[Brief descriptive captions]
---+---

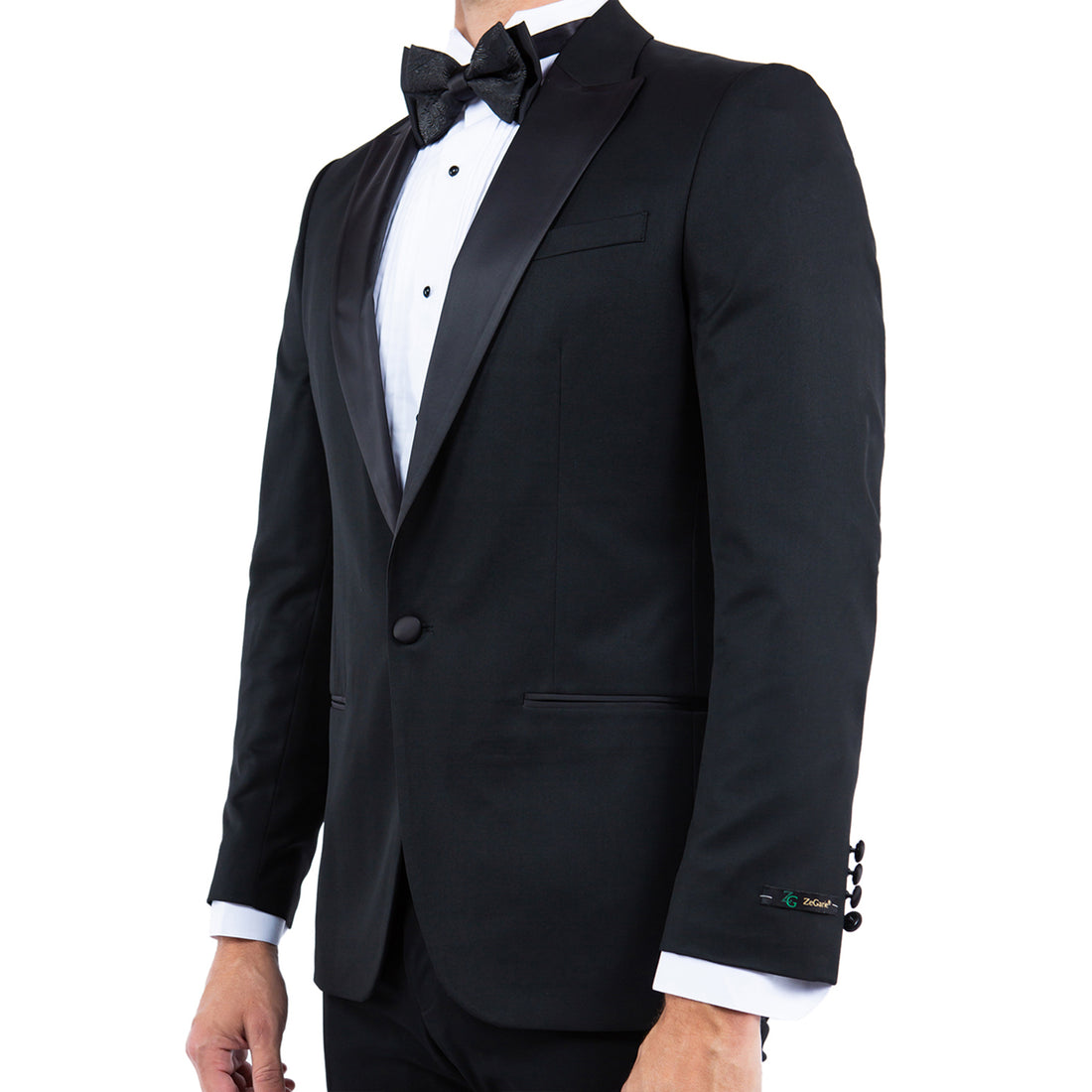 Men's Black Tailored-Fit Tuxedo Jacket – Black Satin Shawl Collar Formal Blazer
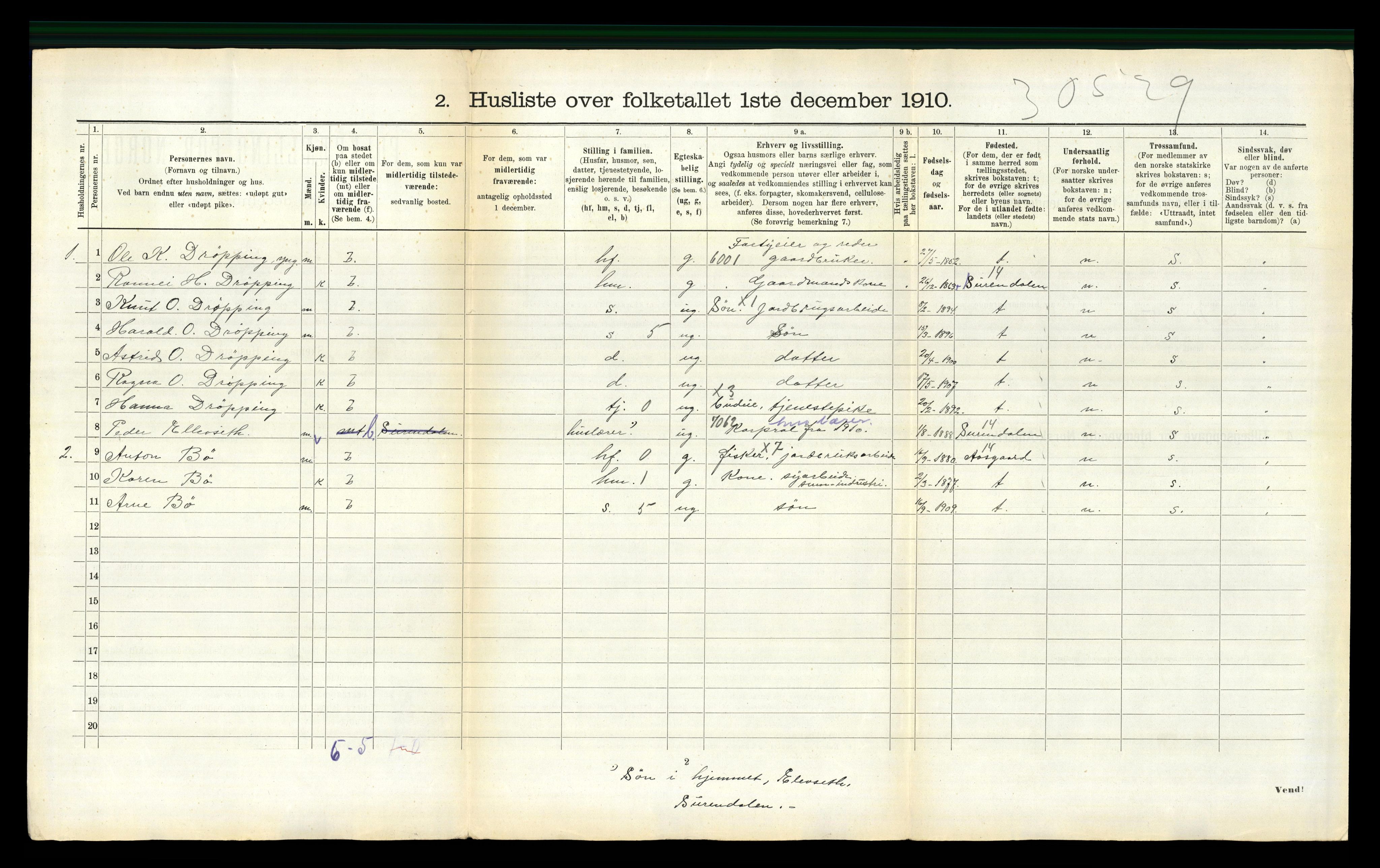 RA, 1910 census for Stangvik, 1910, p. 191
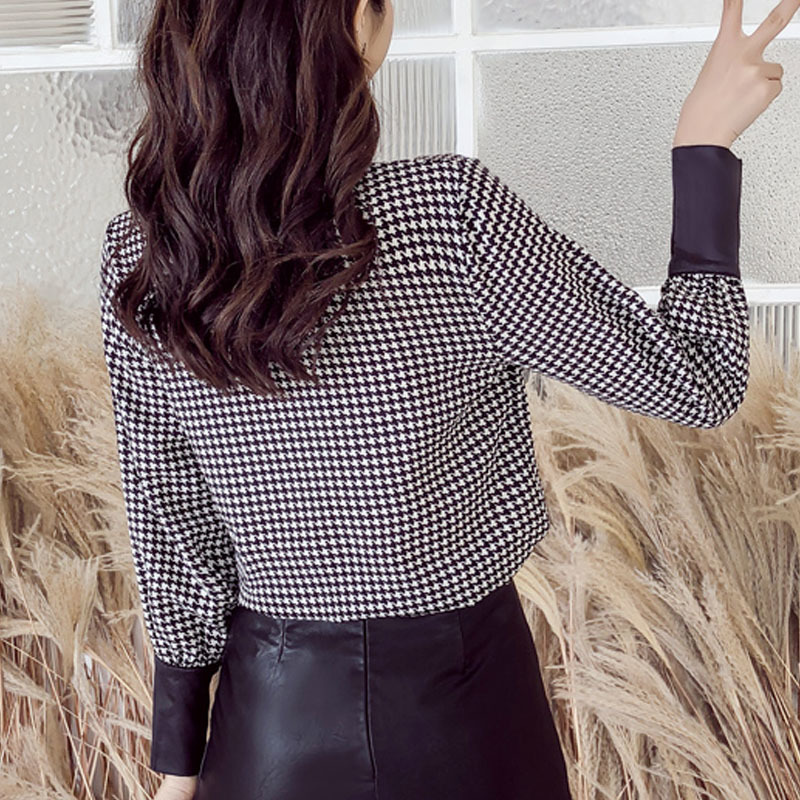 Autumn Fashion Women Blouses Casual Turn-down Neck Tops Long Sleeve Lattice Shirt Office Lady 5705 50 210508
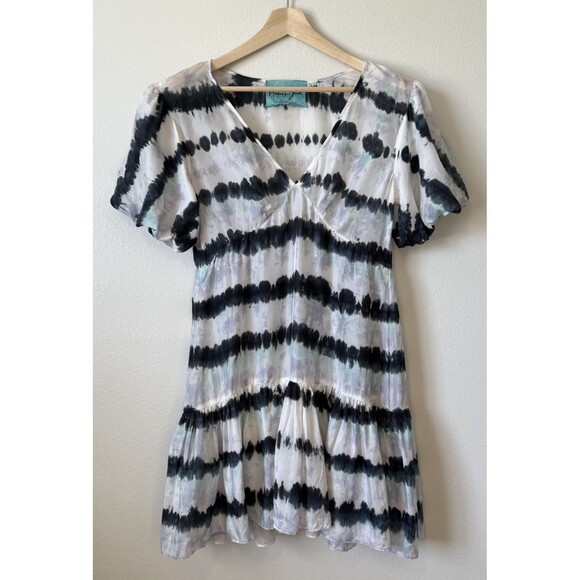 Amanda Bond Alix Mini Shift Dress XS/S Hand Tie Dye Puff Short Sleeve Boho - Picture 1 of 5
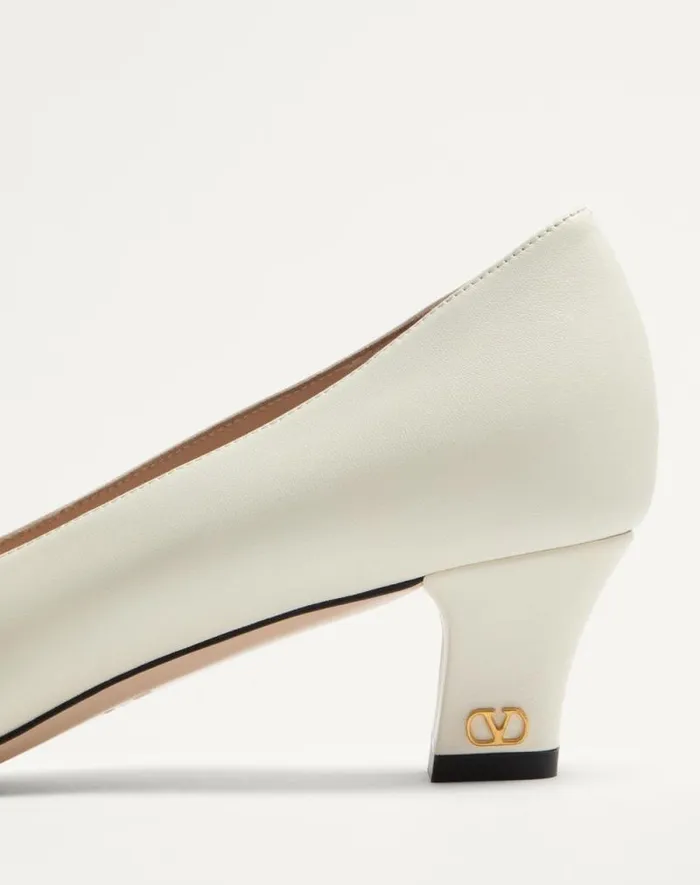 Valentino Pumps Woman Bowow Pumps In Kidskin 45mm For Woman In Ivory Ivory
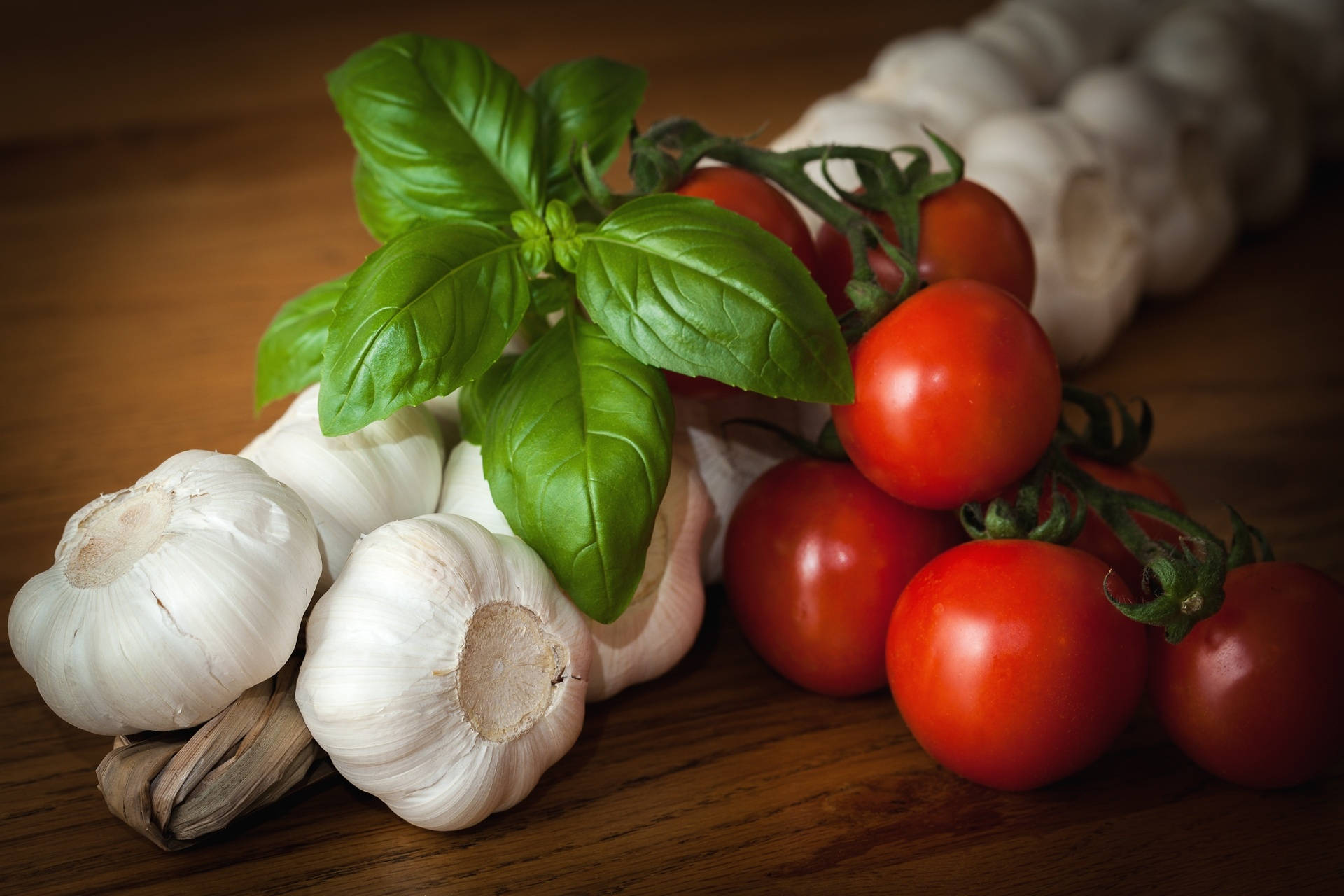 Vegetable Tomato Basil Garlic Picha ya Ukuta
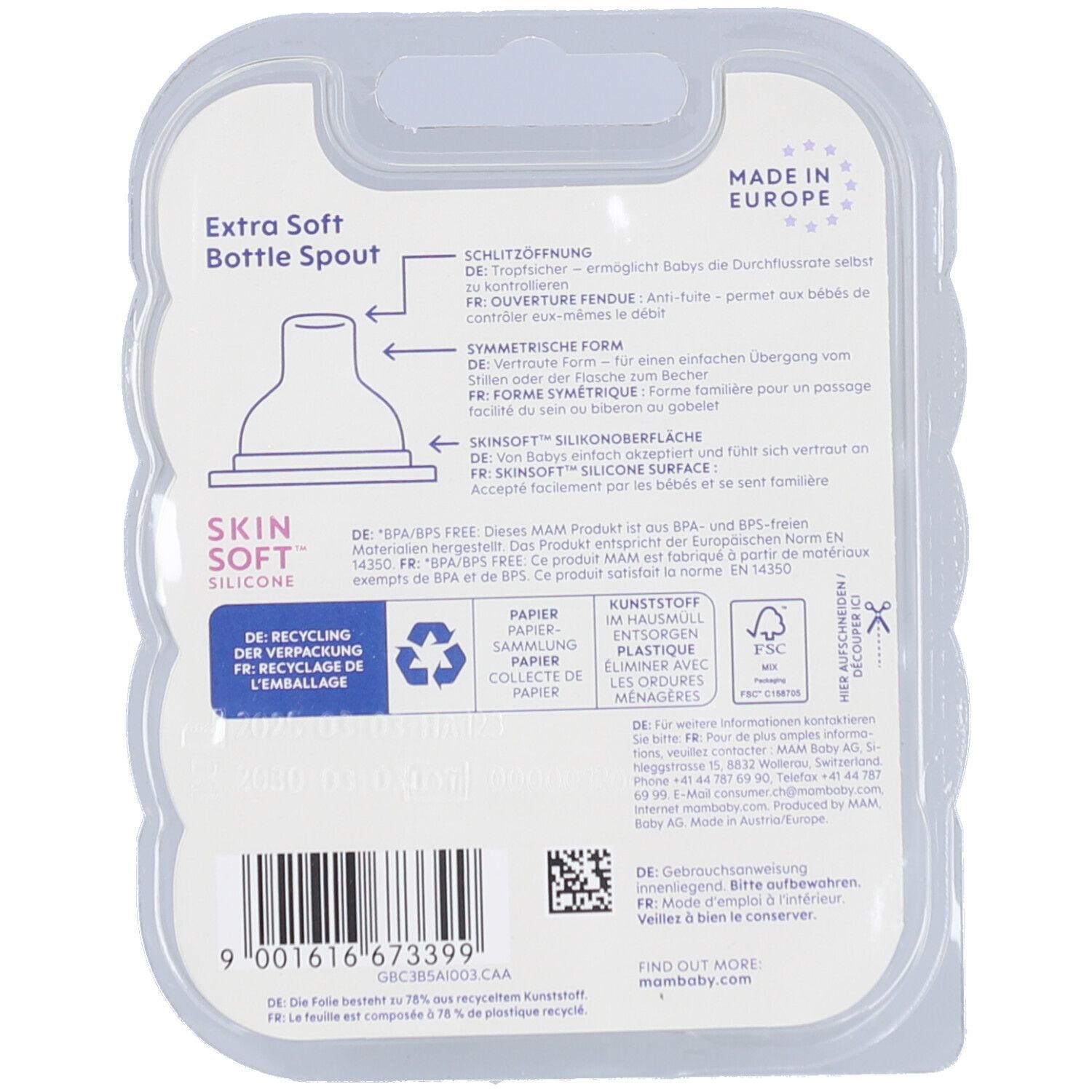 Dos de l'emballage de la tétine MAM. Texte en allemand, français et anglais. Informations sur la composition et le recyclage.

---+---

*Prompt*
The records are to be retyped in full and exactly, with no image carried over.

*Expected answer*
 Men's Black Tailored-Fit Tuxedo Jacket – Black Satin Shawl Collar Formal Blazer
 RA, 1910 census for Stangvik, 1910, p. 191
 Autumn Fashion Women Blouses Casual Turn-down Neck Tops Long Sleeve Lattice Shirt Office Lady 5705 50 210508
 Amanda Bond Alix Mini Shift Dress XS/S Hand Tie Dye Puff Short Sleeve Boho - Picture 1 of 5
 Valentino Pumps Woman Bowow Pumps In Kidskin 45mm For Woman In Ivory Ivory
 Vegetable Tomato Basil Garlic Picha ya Ukuta
 Dos de l'emballage de la tétine MAM. Texte en allemand, français et anglais. Informations sur la composition et le recyclage.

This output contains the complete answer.